PostgreSQL comes with various ways of replicating data between servers, along with configuration options to tweak and tune the replication process to fit your needs. Regardless of what type of replication you set up, it is important to monitor all endpoints of replication to ensure that your data is safe and sound.
Read on to learn more about monitoring replication in Postgres.
Types of Replication
Broadly, there are 2 types of replication in PostgreSQL – physical and logical. Here is a quick overview picture:
Let’s have a quick look at each before we see how to monitor them. In the text below, per convention, the term primary refers to the master or originating server, and standby refers to the slave or receiving server.
Physical Replication
Physical replication has been available in core Postgres for more than a decade. It allows you to replicate the data in a primary server byte for byte into a standby server.

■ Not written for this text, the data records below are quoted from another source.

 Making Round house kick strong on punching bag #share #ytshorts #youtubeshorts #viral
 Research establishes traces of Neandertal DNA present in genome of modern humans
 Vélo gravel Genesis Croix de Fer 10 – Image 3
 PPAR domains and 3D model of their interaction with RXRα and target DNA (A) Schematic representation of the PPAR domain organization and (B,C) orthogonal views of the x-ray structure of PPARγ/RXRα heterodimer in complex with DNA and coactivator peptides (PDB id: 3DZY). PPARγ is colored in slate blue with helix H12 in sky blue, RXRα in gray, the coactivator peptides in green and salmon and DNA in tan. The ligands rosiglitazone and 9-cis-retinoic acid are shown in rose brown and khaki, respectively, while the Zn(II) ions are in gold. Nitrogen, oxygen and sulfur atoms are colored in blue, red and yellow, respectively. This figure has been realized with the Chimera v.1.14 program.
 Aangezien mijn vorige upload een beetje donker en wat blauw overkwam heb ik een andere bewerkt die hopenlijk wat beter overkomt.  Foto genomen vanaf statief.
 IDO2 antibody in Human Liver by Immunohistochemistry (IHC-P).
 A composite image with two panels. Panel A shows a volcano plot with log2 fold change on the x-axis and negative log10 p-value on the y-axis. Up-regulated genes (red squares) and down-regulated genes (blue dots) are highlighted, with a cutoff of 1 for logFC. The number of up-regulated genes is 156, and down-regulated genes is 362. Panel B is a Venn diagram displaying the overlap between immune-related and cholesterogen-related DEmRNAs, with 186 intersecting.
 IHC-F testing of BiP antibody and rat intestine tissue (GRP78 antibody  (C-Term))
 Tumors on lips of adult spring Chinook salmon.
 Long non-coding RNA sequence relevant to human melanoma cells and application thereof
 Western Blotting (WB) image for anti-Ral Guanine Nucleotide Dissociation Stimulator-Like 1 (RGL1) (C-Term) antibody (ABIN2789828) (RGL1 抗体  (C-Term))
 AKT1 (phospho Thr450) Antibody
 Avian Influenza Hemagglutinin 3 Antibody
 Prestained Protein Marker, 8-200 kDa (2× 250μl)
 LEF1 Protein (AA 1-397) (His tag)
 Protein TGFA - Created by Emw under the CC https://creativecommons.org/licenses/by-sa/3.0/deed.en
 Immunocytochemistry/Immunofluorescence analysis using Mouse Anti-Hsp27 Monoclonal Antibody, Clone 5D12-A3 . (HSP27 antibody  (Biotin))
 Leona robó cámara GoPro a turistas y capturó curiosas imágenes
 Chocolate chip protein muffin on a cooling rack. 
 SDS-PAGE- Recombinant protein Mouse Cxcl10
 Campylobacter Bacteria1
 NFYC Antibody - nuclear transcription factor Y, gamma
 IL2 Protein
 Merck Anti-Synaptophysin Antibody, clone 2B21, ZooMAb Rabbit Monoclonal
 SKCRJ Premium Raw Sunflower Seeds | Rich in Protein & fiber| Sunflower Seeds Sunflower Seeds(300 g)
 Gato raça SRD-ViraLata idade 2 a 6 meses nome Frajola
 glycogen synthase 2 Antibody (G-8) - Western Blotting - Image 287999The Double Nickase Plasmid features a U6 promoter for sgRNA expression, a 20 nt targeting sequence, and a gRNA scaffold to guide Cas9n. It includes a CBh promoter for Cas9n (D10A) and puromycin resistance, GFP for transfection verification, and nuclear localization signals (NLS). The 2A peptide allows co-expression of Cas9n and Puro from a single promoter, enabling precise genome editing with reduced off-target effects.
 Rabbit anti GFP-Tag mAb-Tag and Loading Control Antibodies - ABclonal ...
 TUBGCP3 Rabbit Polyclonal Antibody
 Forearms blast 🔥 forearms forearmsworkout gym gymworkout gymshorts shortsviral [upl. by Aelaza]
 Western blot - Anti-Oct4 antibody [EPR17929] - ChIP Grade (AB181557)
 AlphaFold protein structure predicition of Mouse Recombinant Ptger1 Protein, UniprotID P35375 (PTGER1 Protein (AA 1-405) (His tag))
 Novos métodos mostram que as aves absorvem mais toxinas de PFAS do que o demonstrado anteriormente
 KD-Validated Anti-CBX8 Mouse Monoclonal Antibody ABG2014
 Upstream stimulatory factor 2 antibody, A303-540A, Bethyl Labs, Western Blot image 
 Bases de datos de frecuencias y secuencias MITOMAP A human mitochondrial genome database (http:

Essentially, physical replication relies on sending WAL (write ahead log) files generated by the primary over to the secondary. When changes happen on the primary server, these are serialized and flushed to disk as a series of WAL files. These files can be “replayed” to get the familiar SQL-structured representation of data. Even the primary server itself writes the record first, then a bit later, replays the record and updates the SQL-structured representation.
Therefore, it stands to reason that you can send over these WAL files to another server and have it replay them instead. And that’s exactly how physical replication works.
The standby server is setup not to accept changes via the normal DDL/DML statements but only via accepting and replaying WAL files. A server configured this way is said to be in recovery mode.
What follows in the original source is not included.